Hateri smiled. “We’ve made progress, of course. Instructor Geldour-enet and his assistant have learned much about its aerodynamics through modeling. The university is working with an advanced heat-bearing composite based on the outer shell’s chemistry. We’ve got a student developing approaches to power generation based on the system’s configuration. None of these teams know the origins of these ideas though.”
Baraq focused his central on the councilor. “What kind of power systems are they creating?”
“I’m just a politician, Baraq. You’ll have to ask someone who understands all that.”
“So, what’s the problem?”
Hateri sighed hollowly. “The problem is the same as it has been since my father’s time, Baraq. The problem is us. Or maybe better stated, the problem is me.”
“You?”
“Because of my edicts, the council limits who can know what,” Hateri said. “And the council can no longer agree what to do. Jie-Kandor O’Lat, who as you surely know is our representative from the Kandar clan, will not accept less than debating where we send each subsystem for study, then he bogs us down with reasons why his sector should do all the examinations. Asha Denari, of the Hlrat, thinks that, as the device came from her region, her scientists should be allowed to discover how it works. We do not tell the aligned churches as much, but they merely wish to bury all such investigations—although the Prime Dias of Eldoro sees the idea of the stone as proof that the creator exists outside the sky, and is petitioning to use it as an icon for his services.”
Baraq clicked his throat as he examined the Taranth Stone again. “And all the while the system sits waiting,” he said.
Hateri nodded. “The sphere of quadars in the know grows, though.”
“You fear its existence will be compromised.”
“Yes. But more important, every moment we lose in determining how it works leaves those who made this that much further ahead of us.”
Baraq gazed at the councilor, sensing something deeper to his comment. “You’re afraid of them?”
“In addition to our examinations, my father also chartered thought studies and other experiments to discover where it might have come from. The council has searched everywhere, Baraq.
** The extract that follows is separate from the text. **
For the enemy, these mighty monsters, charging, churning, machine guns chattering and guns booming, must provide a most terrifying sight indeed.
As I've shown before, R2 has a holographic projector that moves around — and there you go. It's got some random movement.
For nearing two cycles we’ve been thinking of everything we could take in. We thought we knew everything there was to know about the world, right? We thought we had discovered all there is to discover. But then,” he motioned to the device, and shook his head. “We find a device of mysterious power developed by someone we cannot find. And afterward the sky opens and the clouds change. Wouldn’t you be afraid?”
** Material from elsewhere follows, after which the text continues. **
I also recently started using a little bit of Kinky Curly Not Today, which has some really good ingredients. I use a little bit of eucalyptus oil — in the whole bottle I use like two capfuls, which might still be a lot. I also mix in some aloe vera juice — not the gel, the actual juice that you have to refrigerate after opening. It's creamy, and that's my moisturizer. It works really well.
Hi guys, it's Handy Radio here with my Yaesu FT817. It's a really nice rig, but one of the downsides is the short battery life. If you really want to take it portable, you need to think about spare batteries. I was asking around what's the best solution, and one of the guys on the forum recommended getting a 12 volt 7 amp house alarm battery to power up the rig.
“What do you want me to do about it?” Baraq said.
Hateri’s pupils gleamed blackly in the room’s light. “I can arrange to ship pieces of the device to you. I want you to use whatever contacts you think are best for whatever study you undertake.”
“You want me to…work on it?”
“I want you be the science coordinator. I want you to discover what you can. I want you to expedite the study.”
The device lay on the table before him in a different light now.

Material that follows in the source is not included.